Instructions for the task.
Word for word, set down the lines from the one that contains "दुर्ग में कृषि" through the final line of the data; no pictures belong in the copy.

Information provided.
****

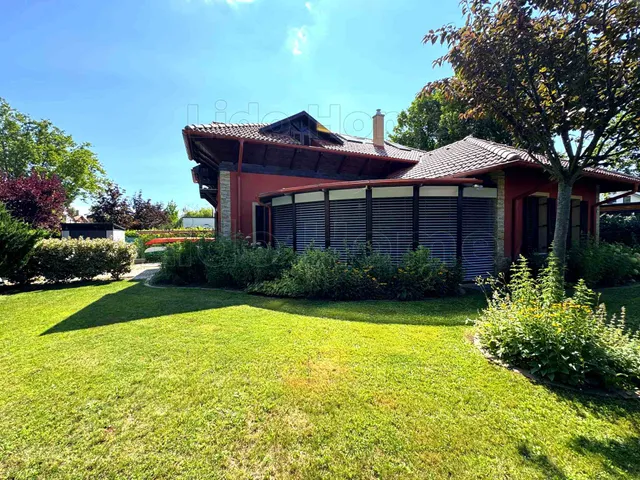Eladó ház Zamárdi, Fürdőtelep 190 nm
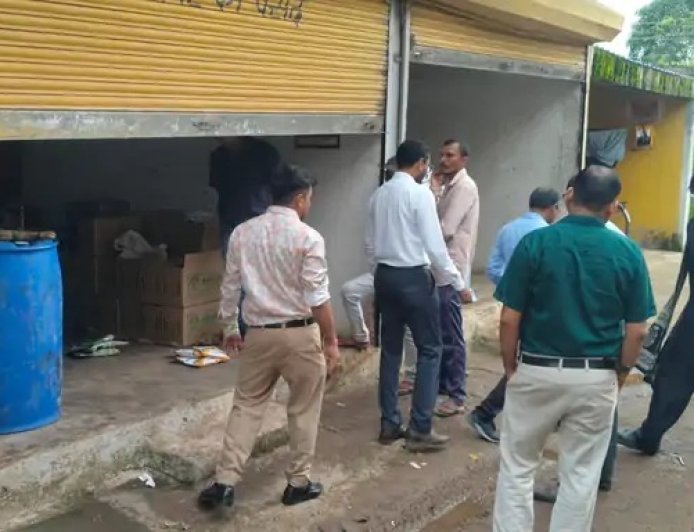 दुर्ग में कृषि विभाग का बड़ा एक्शन, अवैध खाद-कीटनाशक कारोबार पर दो एफआईआर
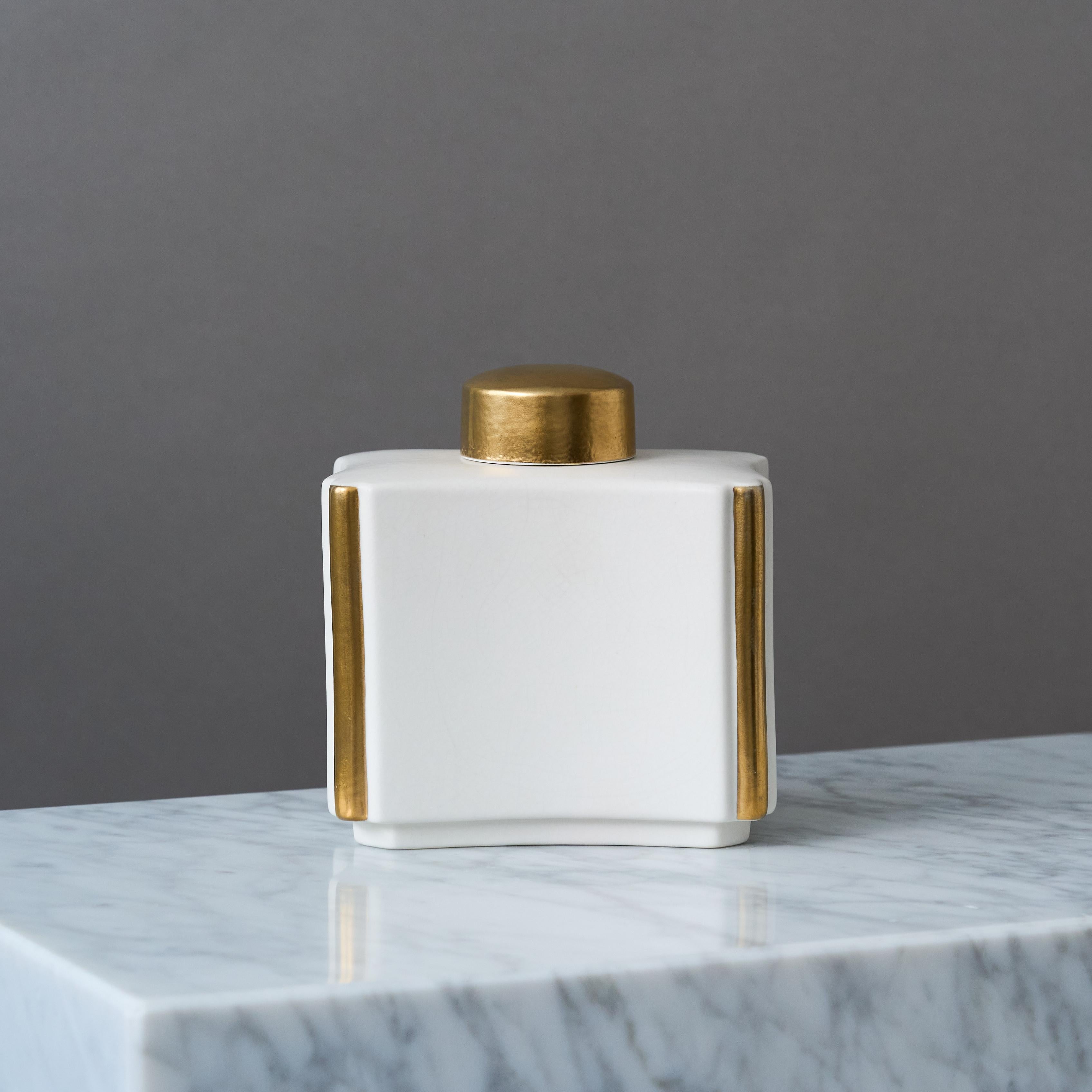 Glazed White and Gold 'Carrara' Tea Caddy by Wilhelm Kage. Gustavsberg, Sweden, 1940s For Sale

****

Exercise solution.
 दुर्ग में कृषि विभाग का बड़ा एक्शन, अवैध खाद-कीटनाशक कारोबार पर दो एफआईआर
 Glazed White and Gold 'Carrara' Tea Caddy by Wilhelm Kage. Gustavsberg, Sweden, 1940s For Sale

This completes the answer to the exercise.